This zebra plant really struggled outside. Then, when I brought it indoors, it thrived – probably because I added some compost to the soil and started watering it every day. It’s a big drinker.
But before too long, the colours started to fade (the dark purple back almost totally vanished) and the edges of each leaf – even new ones – started turning brown. My response was to water every couple of weeks with a seaweed feed.
Better, but not good enough. Maybe I need to give it more time (it’s been about 2 months I’ve been feeding it?) but I’d rather help it as much as I can as soon as possible. Coincidentally I recently found some information about using coffee grounds in the garden (thanks Shane for finding me). After reading coffee grounds to ground I started to wonder if this might be something I could try. That is, if I could get my hands on a substantial quantity of used coffee grounds.
Enter Bunnings - the local hardware cum garden centre. The cafe there generally throws away its old coffee grounds which then clog a landfill somewhere. A woman who works in the cafe is making a proposal to Bunnings to offer used grounds to customers as compost. Right place, right time and I got myself a bag of used coffee grounds.

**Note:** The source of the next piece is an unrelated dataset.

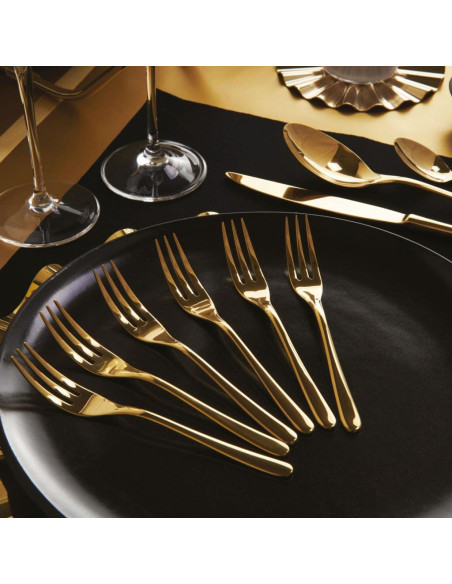 SAMBONET SET 6 FORCHETTE DESSERT - TASTE MIRROR PVD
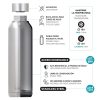 Quokka Solid - 630 ml-es rozsdamentes acél termopalack (Sleek Zircon)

Yesterday I dug a few tablespoons (maybe 6?) of coffee grounds into my zebra plant pot, watered it well and now I watch and wait to be impressed. If it goes as I’m hoping, I’ll be putting more grounds into more pot plants. The website I mention above suggests used coffee grounds make a great slow release fertiliser and I’m optimistic. Worst case, the coffee goes into the compost where I’ve no doubt it will add value.